There are also significant Portuguese speaking immigrant communities in many countries including Andorra (15.4%), Bermuda, Canada (0.72% or 219,275 people in the 2006 census), France (500,000 people), Japan (400,000 people), Jersey, Namibia (about 4–5% of the population, mainly refugees from Angola in the North of the country), Paraguay (10.7% or 636,000 people), Macau (0.6% or 12,000 people), Switzerland (196,000 nationals in 2008), Venezuela (254,000). and the United States (0.35% of the population or 1,228,126 speakers according to the 2007 American Community Survey).
In some parts of former Portuguese India, namely Goa and Daman and Diu, the language is still spoken by about 10,000 people. In 2014, an estimated 1,500 students were learning Portuguese in Goa.
The Community of Portuguese Language Countries (in Portuguese Comunidade dos Países de Língua Portuguesa, with the Portuguese acronym CPLP) consists of the eight independent countries that have Portuguese as an official language: Angola, Brazil, Cape Verde, East Timor, Equatorial Guinea, Guinea-Bissau, Mozambique, Portugal and São Tomé and Príncipe.
Equatorial Guinea made a formal application for full membership to the CPLP in June 2010, a status given only to states with Portuguese as an official language. In 2011, Portuguese became its third official language (besides Spanish and French) and, in July 2014, the country was accepted as a member of the CPLP.
Portuguese is also one of the official languages of the Special Administrative Region of the People's Republic of China of Macau (alongside Chinese) and of several international organizations, including the Mercosur, the Organization of Ibero-American States, the Union of South American Nations, the Organization of American States, the African Union, the Economic Community of West African States, the Southern African Development Community and the European Union.
Population of countries and jurisdictions of Portuguese official or co-official language
According to The World Factbook country population estimates for 2016, the population of each of the nine jurisdictions is as follows (by descending order):
|Country||Population (2016 est.)|
|São Tomé and Príncipe||197,541|
This means that the population living in the Lusophone official area is of 272,918,286 inhabitants. This number does not include the Lusophone diaspora, estimated at approximately 10 million people (including 4.5 million Portuguese, 3 million Brazilians, and half a million Cape Verdeans, among others), although it is hard to obtain official accurate numbers of diasporic Portuguese speakers because a significant portion of these citizens are naturalized citizens born outside of Lusophone territory or are children of immigrants, and may have only a basic command of the language. It is also important to note that a large part of the diaspora is a part of the already-counted population of the Portuguese-speaking countries and territories, such as the high number of Brazilian and PALOP emigrant citizens in Portugal or the high number of Portuguese emigrant citizens in the PALOP and Brazil.

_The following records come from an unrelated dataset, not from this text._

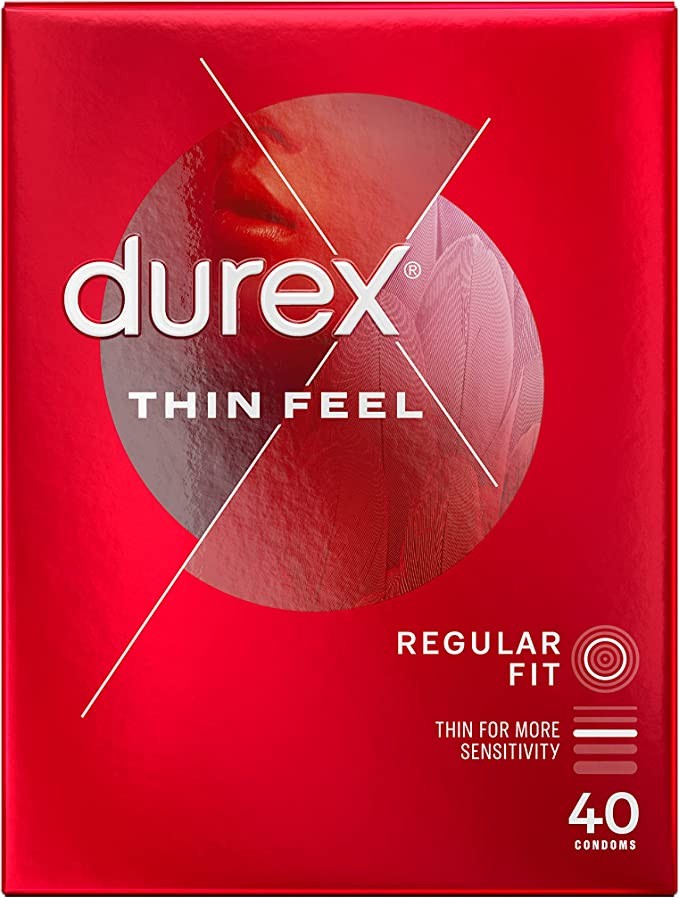 Durex durees thin sensitive condom, increased sensitivity and sensitivity, 40 packs (packaging may vary)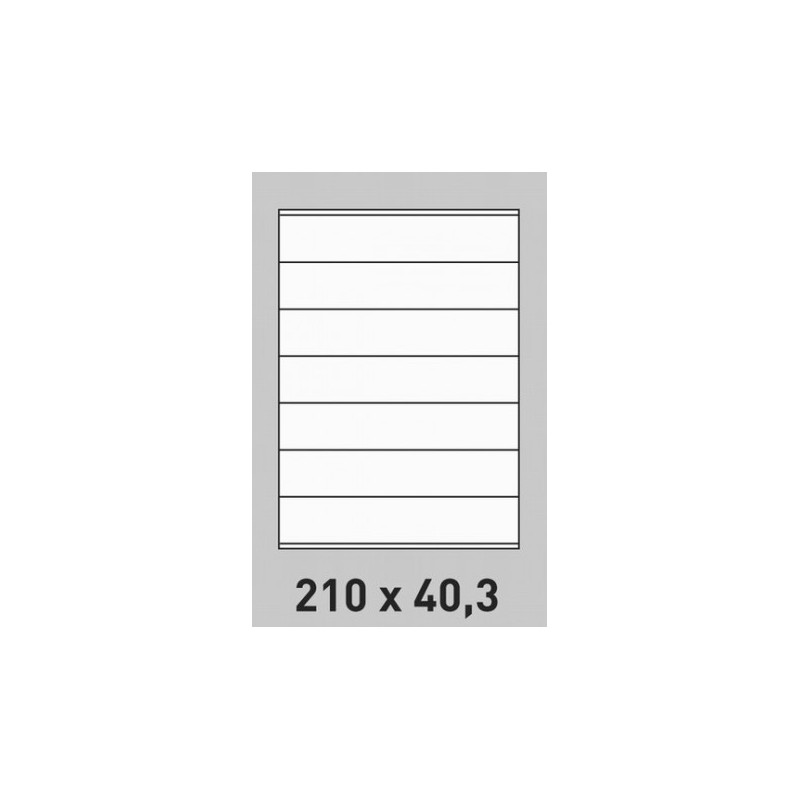 Étiquette 210 x 40.3 - boite de 500 planches A4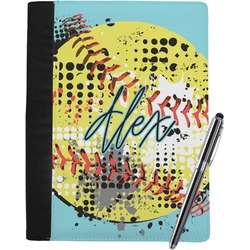 Softball Notebook Padfolio - Large w/ Name or Text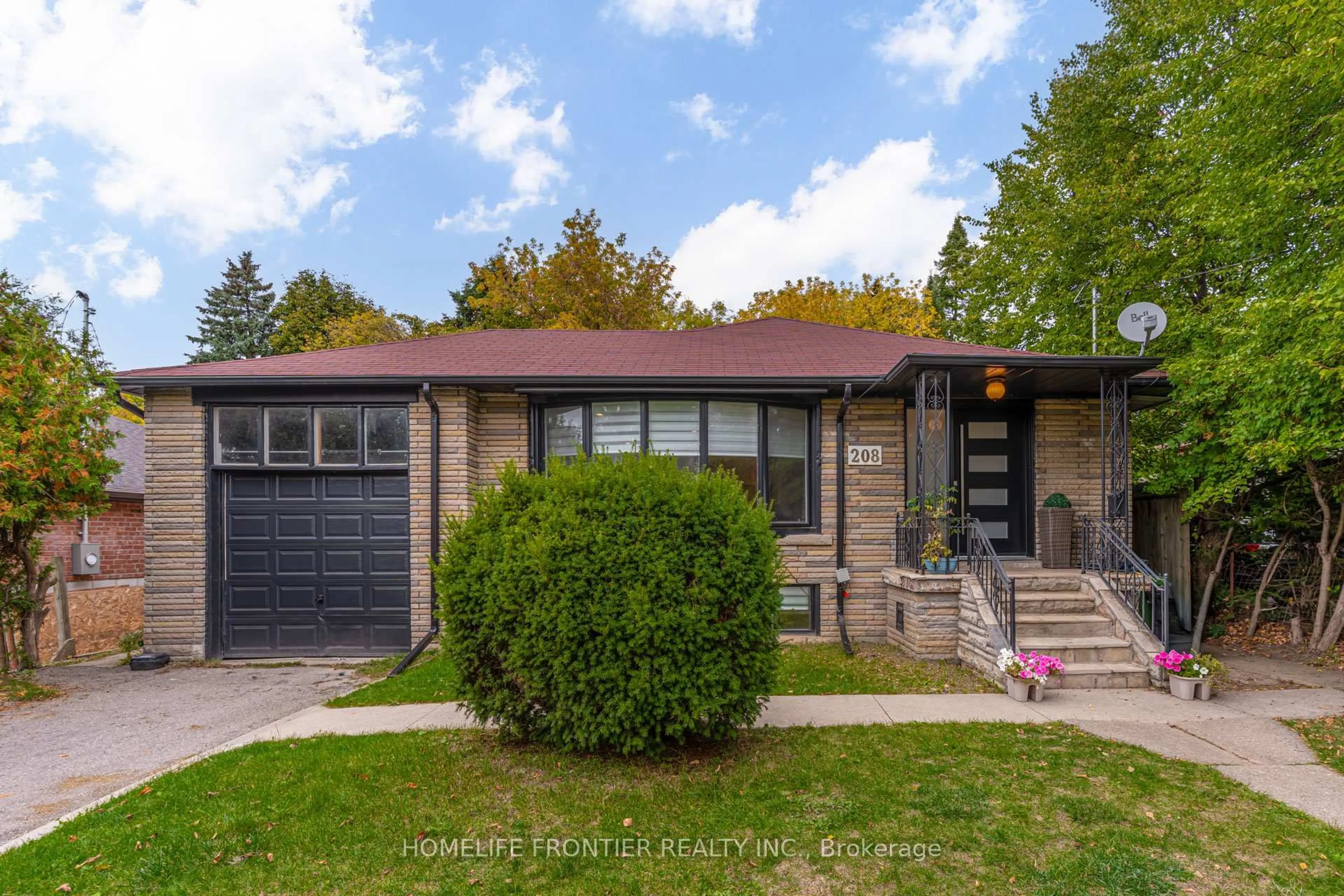 Home with brick exterior material, street for 208 Betty Ann Dr, Toronto Ontario M2R 1A7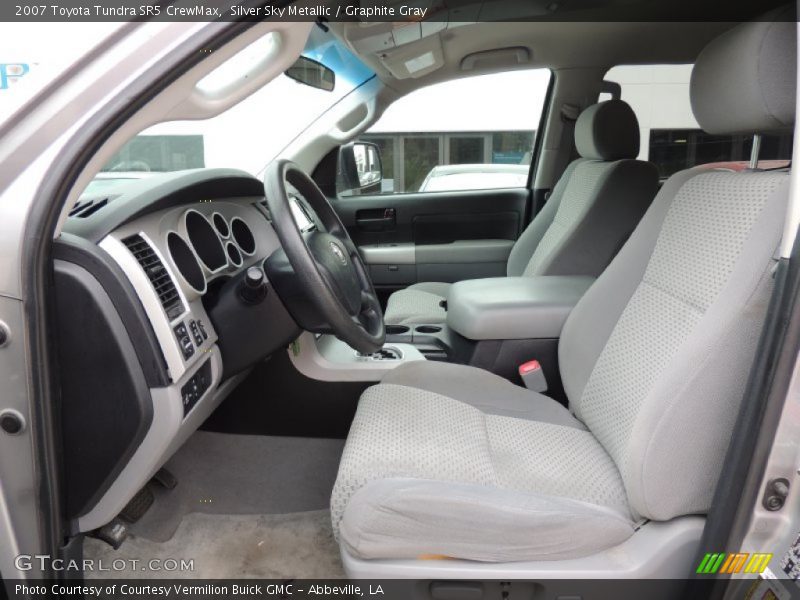 Silver Sky Metallic / Graphite Gray 2007 Toyota Tundra SR5 CrewMax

The Portuguese language therefore serves more than 250 million people daily, who have direct or indirect legal, juridical and social contact with it, varying from the only language used in any contact, to only education, contact with local or international administration, commerce and services or the simple sight of road signs, public information and advertising in Portuguese.
Portuguese as a foreign language
Portuguese is a mandatory subject in The school curriculum in Uruguay and Argentina. Other countries where Portuguese is taught at schools or is being introduced now include Venezuela, Zambia, the Republic of the Congo, Senegal, Namibia, Swaziland, and South Africa.
According to estimates by UNESCO, Portuguese is the fastest-growing European language after English and the language has, according to the newspaper The Portugal News publishing data given from UNESCO, the highest potential for growth as an international language in southern Africa and South America. Portuguese is a globalized language spoken officially in 5 continents, and as a second language by millions worldwide.
Since 1991, when Brazil signed into the economic community of Mercosul with other South American nations, namely Argentina, Uruguay and Paraguay, Portuguese is either mandatory, or taught, in the schools of those South American countries.
Although early in the 21st century, after Macau was ceded to China and Brazilian immigration to Japan slowed down, the use of Portuguese was in decline in Asia, it is once again becoming a language of opportunity there, mostly because of increased diplomatic and financial ties with Portuguese-speaking countries in China.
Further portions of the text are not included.